Con el tiempo, Rodaja se va a Salamanca: “Su principal estudio fue de leyes; pero en lo que más se mostraba era en letras humanas; y tenía tan felices memoria, que era cosa de espanto; e ilustrábala tanto con su buen entendimiento, que no era menos famoso por él que por ella”. Durante esos años de estudio lee con disciplina marcial y, en algún momento de distensión, emprende un viaje por Flandes, Francia e Italia, conoce las ruinas romanas y bebe muy buen vino. Al volver a Salamanca está dispuesto a triunfar en las esferas académicas, pero sucumbe ante la tentación y bebe un membrillo y se enloquece y se convierte en el licenciado Vidriera.
Entonces la narración entra en una segunda etapa donde la locura, como una especie de salvoconducto, no solo transforma a Vidriera en un proscrito ambulante, sino también le permite decir lo que quiere y desvirtuar los valores de una sociedad mezquina e ignorante: maestros de escuela, alumnos (o “mocosos” con apariencia de “ángeles”), príncipes, grandes señores, pintores, libreros, ladrones, amos, criados, arrieros, boticarios, médicos, jueces, poetas, sastres, zapateros, tenderas, pasteleros, titiriteros, etc.
Loco, inofensivo, lúcido, Vidriera tiene la armadura apropiada: “(…) cuando andaba por las calles, iba por la mitad dellas, mirando a los tejados, temeroso no le cayese alguna teja encima y le quebrase. Los veranos dormía en el campo al cielo abierto, y en los inviernos se metía en algún mesón, y en el pajar se enterraba hasta la garganta, diciendo que aquélla era la más propia y más segura cama que podían tener los hombres de vidrio”.
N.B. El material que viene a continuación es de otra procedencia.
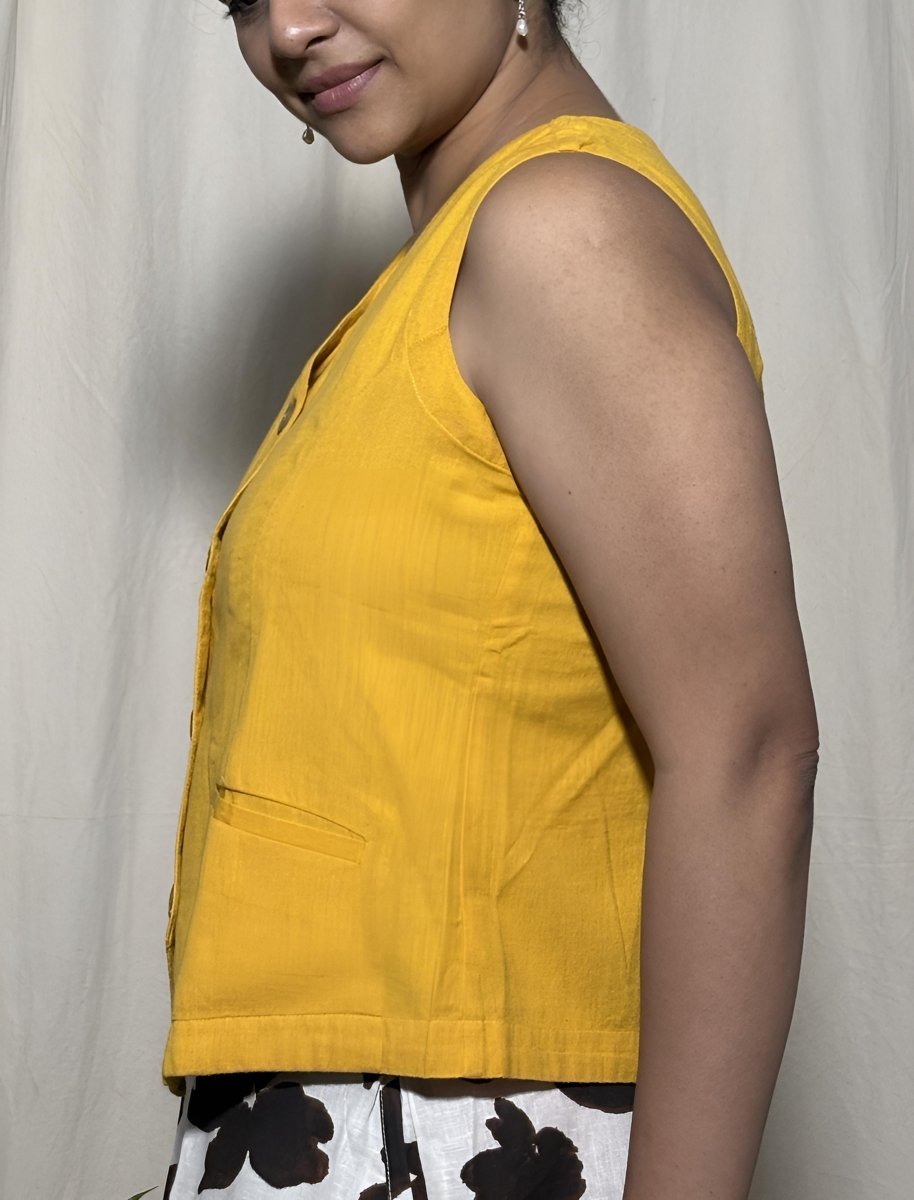 Juhi Linen Cotton Ochre Waistcoat Top Sleeveless - Newnaa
El vidrio le otorga sin duda una doble ventaja: puede ver “mejor” que los demás y los demás pueden reflejarse en él (en un nivel superficial, el cuerpo de Vidriera es en realidad el espejo de una sociedad en descomposición). ¿Aunque quiénes son los locos y quiénes son los cuerdos? Y, a todas estas: a quién le importa.
Vidriera, el licenciado Vidriera, prosigue su tarea de “corrección social” hasta que un religioso de la Orden de San Jerónimo lo “cura”. ¿De qué? ¿Es acaso la locura una enfermedad o es más bien la cordura? En cualquier caso, se despliega la tercera etapa; no son más de dos páginas en las cuales el licenciado Vidriera se convierte en el licenciado Tomás Rueda y se marcha a Flandes a perder en el campo de batalla, lo que no ha podido ganar en el campo de las letras.